I had stopped to eat at a gas station in Westbrook, MN, and probably should have stayed there to wait out the coming storm. But it wasn’t until I got well out of town that it became clear that a storm was coming.
The weather forecast earlier that day had given me hope that this sort of thing would wait until much later in the evening. And it still seemed quiet and far off until I got off my bike for the photo. Then I could hear thunder in the distance. I got back on and pedalled a little faster, but it soon became apparent that I wouldn’t outrun it to Walnut Grove. I didn’t see any ground-to-cloud lightning, but the wind clouds (as I call them) that were hanging just under the leading edge of the dark cloud mass looked ominous enough.
It was soon time to start looking for shelter. I didn’t see any abandoned farm buildings and it didn’t look like the kind of country where I’d find any. I passed a farmstead that stood close to the road, where a man was working at something on the side of his house. Then I thought, “Where else am I going to find someone out working in the yard?” So I turned around and rode back.
The man was deeply occupied in whatever he was working on (a downspout for his gutters, as it turned out) but I succeeded in interrupting him to ask if I could wait out the storm under an overhang. He took me around the house to his garage. He let his wife know that they had a guest who had asked for shelter, then hurried back to his work. I asked if there was anything I could do to help, but there wasn’t much. And there wasn’t much time, either.
A few minutes later, as the storm hit, we introduced ourselves. Don and Carolyn were the names of the kind hosts who had welcomed an uninvited guest. Carolyn went in and out, keeping an eye on weather reports. The front came, not with lightning but with a constant rumbling sound, then passed quickly. When it became apparent there would be no hailstorm to accompany it we all relaxed. I ended up being offered a chair, coffee, cookies, and conversation — all of it very good. Don was somewhat wistful as he offered me the last of what had been a very good batch of brownies. We discussed our families, baseball, farming, the local communities, and I’m not sure what else.
I told about the pasture-based dairy project back at my workplace in Michigan, and how this was the first day that cows were to be milked by robots. Carolyn immediately saw the value of something like that. She had grown up on a dairy farm where the family never went anywhere all together — no vacations all together, not even attending funerals all together — because someone had to stay home to milk the cows. I’ve seen much of that sort of thing among my own relatives and among neighbors of my boyhood. “The farmer is married to the cows” is the way I had learned to describe dairy farming.
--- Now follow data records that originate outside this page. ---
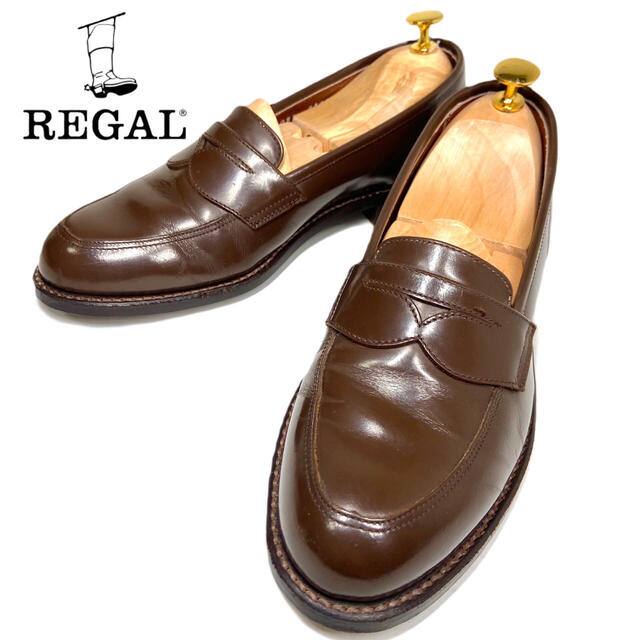 REGAL リーガル　ローファー　Uチップ　茶色　ブラウン　24.5cm靴/シューズ
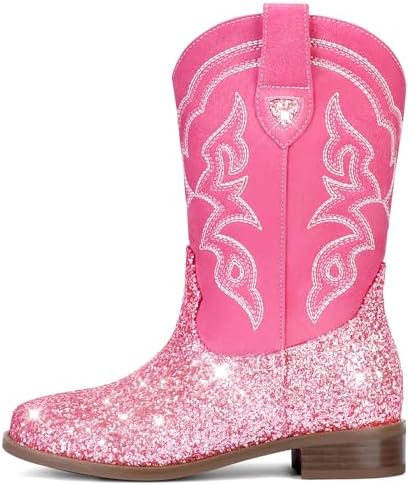 Toddler Girls Cowboy Boots - Cowgirl Western Boot For Kids Mid Calf Riding Shoes Little Kid/Big Kid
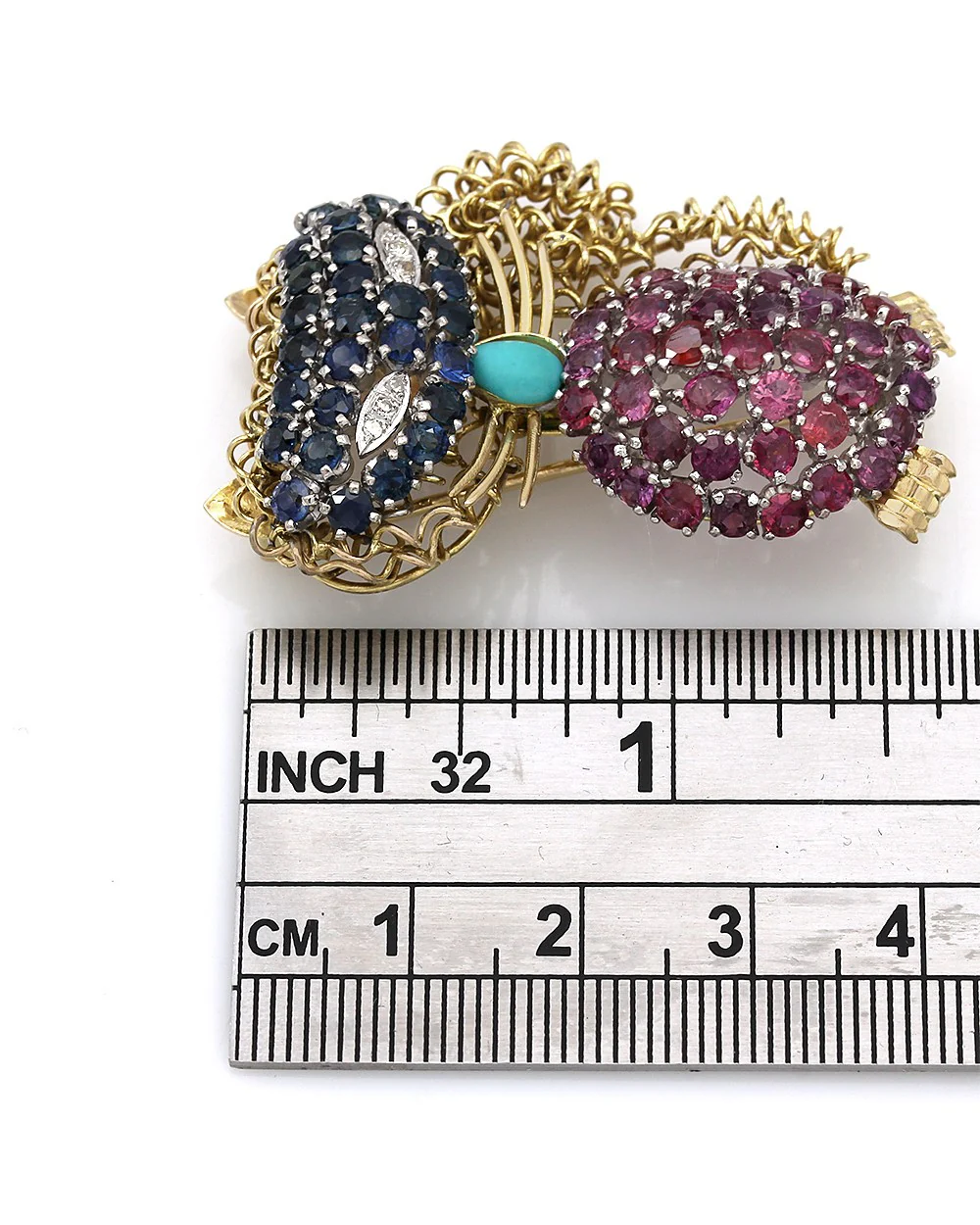 Vintage Ruby, Sapphire, Diamond and Turquoise Cat Brooch Pendant - Image 3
When the rain let up a little, Don went out to check his gage. 0.7 inches. Not a bad rain to have at this time of the growing season. Carolyn suggested that my wife would be worried about me. I had tried to call Myra back when I took the photo, but had got no answer. And here in their garage, I didn’t get a signal. I explained how Myra has given up worrying about me on these rides, but finally, after no success with my phone, Carolyn let me use hers to call.
I had been hoping Myra could tell me that wunderground.com showed that the rain would pass and I could continue my ride, but she was in Walnut Grove and not at the motel or anywhere where she could use the Internet. So I suggested she should just come and get me.
It turned out that Myra had worried about me anyway, despite her previous claims that she no longer does that. When I called, she heard the sounds of laughing and conversation in the background. I explained that I had been visiting while being fed brownies and cookies. That didn’t help. She hadn’t know what else to do, so had gone into a bar in Walnut Grove to get a bite to eat and wait out the storm while worrying some more about me, little knowing that I was sitting in a safe place and having a good time. When she picked me up she announced to Don and Carolyn that she wasn’t sure I deserved such good treatment.
That’s true enough, but I’m glad that I often don’t get what I deserve.

Sounds like a localized cold front moved in along with the storm.
Those are the worst kind and they are known to last for days.
The weather forecast said it would indeed last for days, but it didn’t matter to us because we drove north to my parents’ place, where it was a lot sunnier. Wish we had some rain at home now, though.